Duane Denison (born January 21, 1959) is an American guitarist best known for work with the punk rock band The Jesus Lizard. He is also a founding member of super-group Tomahawk.

==Biography==
Denison began his musical career by studying classical guitar at Eastern Michigan University. His work with classical guitar helped influence his unique sound, which helped earn him a spot on Spin Magazine's "100 Greatest Guitarists of All Time." "Denison has played warped jazz-rock with Firewater, cool jazz with the Denison-Kimball Trio, experimental alt-metal with Tomahawk, rockabilly punk with Th’ Legendary Shack Shakers, and outlaw country with Hank Williams III. But the angular, metallic sheets of noise that Denison unleashed with the Jesus Lizard are what he'll ultimately be remembered and revered for. Tightly controlled yet capable of ripping and tearing like a runaway chainsaw, Denison’s riffs influenced an entire generation of post-hardcore guitarists, including the burgeoning wave of noise-punkers like the Men and Roomrunner.”

In 1999 Denison moved to Nashville after The Jesus Lizard broke up in order to play with Hank Williams III's "Damn Band". Soon after his move to Nashville, Denison began collaborating and exchanging demo tapes with Mike Patton, whom he met at a Mr. Bungle show in 1999. Denison started the demos on a 4 track tape machine and sent them to Patton who added vocals to the tapes and sent them back. After having a solid idea of what the songs should sound like they went into the studio and recorded what would become the first Tomahawk album which was released in 2001.

Denison and ex-Ministry bassist Paul Barker collaborated in 2007 to form a new band, U.S.S.A. U.S.S.A. released one album in that same year, titled The Spoils.
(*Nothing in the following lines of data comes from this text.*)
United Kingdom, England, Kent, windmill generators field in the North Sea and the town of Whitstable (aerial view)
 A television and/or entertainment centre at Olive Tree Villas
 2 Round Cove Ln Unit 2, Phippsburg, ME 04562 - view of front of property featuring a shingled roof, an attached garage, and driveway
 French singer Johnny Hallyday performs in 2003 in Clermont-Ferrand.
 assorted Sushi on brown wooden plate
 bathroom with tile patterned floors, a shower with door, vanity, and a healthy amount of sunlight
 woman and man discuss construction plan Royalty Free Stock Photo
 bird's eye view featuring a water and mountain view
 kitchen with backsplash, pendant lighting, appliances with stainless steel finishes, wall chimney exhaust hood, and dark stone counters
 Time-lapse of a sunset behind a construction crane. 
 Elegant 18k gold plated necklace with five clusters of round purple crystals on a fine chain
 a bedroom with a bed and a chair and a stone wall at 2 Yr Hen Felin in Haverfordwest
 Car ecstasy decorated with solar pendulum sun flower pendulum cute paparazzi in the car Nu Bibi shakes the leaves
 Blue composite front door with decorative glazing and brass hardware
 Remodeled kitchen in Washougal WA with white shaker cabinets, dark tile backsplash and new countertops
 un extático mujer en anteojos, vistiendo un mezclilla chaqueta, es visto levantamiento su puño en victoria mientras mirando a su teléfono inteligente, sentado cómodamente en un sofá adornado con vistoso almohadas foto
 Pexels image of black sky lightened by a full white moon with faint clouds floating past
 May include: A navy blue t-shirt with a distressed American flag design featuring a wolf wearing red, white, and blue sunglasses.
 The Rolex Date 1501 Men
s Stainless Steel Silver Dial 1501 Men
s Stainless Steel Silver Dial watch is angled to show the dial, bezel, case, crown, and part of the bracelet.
From late 2008 until 2012, he played guitar for Nashville-based Legendary Shack Shakers. Denison supplied the lead guitars on EmptyMansions snakes/vultures/sulfate released on April 2, 2013.

== Influence ==
Duane Denison's playing has influenced several notable guitarists, including Limp Bizkit's Wes Borland, Jimmy Eat World's Jim Adkins, and Every Time I Die's Andy Williams.